Я только знаю, что современными русскими читателями — читателями, которые представляют лучшую подпольную часть русской интеллигенции, теми, кто добывает и распространяет работы авторов-диссидентов, — «Доктор Живаго» не принимается с таким бесспорным, всепоглощающим восторгом, как воспринимается (или, по крайней мере, воспринимался) американцами. Когда роман был опубликован в Америке, левые идеалисты пришли в восторг, едва обнаружили в нем доказательства того, что и при советской власти может быть создана «великая книга». Для них это было торжеством ленинизма. Их утешало, что ее автор вопреки всему остался на стороне ангелоподобных старых большевиков и что в его романе нет ничего, хотя бы отдаленно напоминающего неукротимое презрение истинного изгнанника к зверскому режиму, насажденному Лениным.
Ноябрь 1972
Интервью Клоду Жанно
Случай, о котором вы говорите, не «почти что», а попросту уникальный. Вероятно, в каких-то тайниках мировой литературы, ежели очень постараться, можно обнаружить авторов, которые начали карьеру с написания десятка романов на одном языке, а затем, после сорока, написали бы еще десяток на другом, но мне неизвестны писатели, у которых серии романов на том и на другом языке обладали бы одинаковой художественной ценностью. Поспешу добавить, что Джозеф Конрад никогда не писал книг на польском языке.

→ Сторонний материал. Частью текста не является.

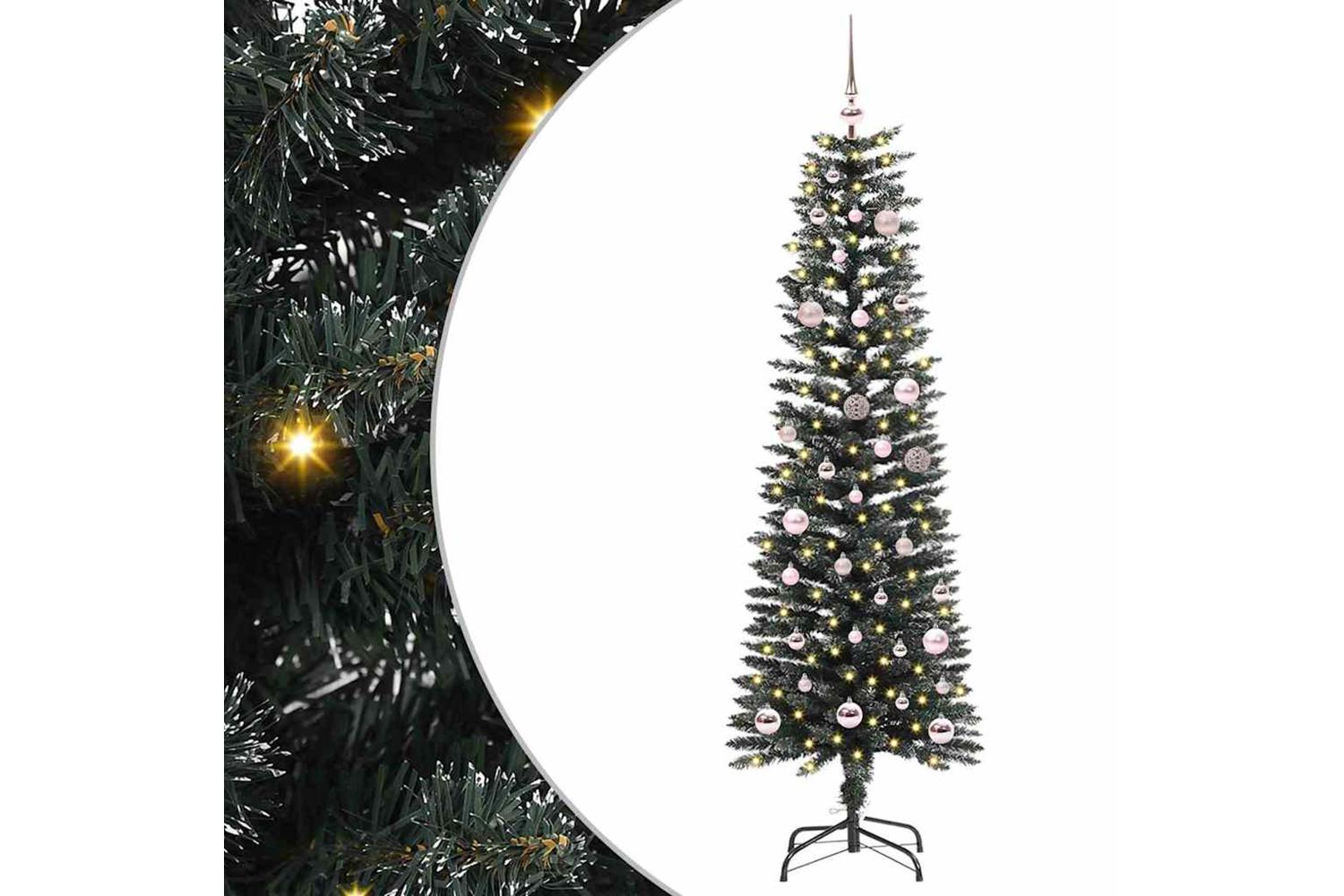 Vidaxl Artificial Christmas Tree With 150 Leds Green 43 X 43 X 150 Cm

Я проживаю в Швейцарии по семейным причинам. Для ваших читателей они не представляют никакого интереса. Мне очень нравится Швейцария, но каждую весну я ощущаю щемящую тоску по Америке, моей любимой родине. В течение последних десяти лет я бывал там лишь дважды. Путешествие на корабле слишком продолжительно, а летать я ненавижу. Тем не менее на будущий год я планирую побаловать себя доброй порцией калифорнийского солнца.
В промежутке между двух войн наибольшую часть моей читательской аудитории составляли эмигрировавшие русские интеллигенты. Помимо авторских гонораров за публикации, к 1935 году приносивших мне доход, достаточный для жизни (учитывая большое количество газет и журналов в Берлине, Париже, Праге и т. д.), я также получал деньги за чтение своих стихов и прозы на публичных вечерах перед русской аудиторией. В тридцатые годы я был в коротких отношениях с некоторыми французскими писателями: с Супервьелем, Поланом, с литераторами из редакций «Нувель ревю франсез» и «Мезюр».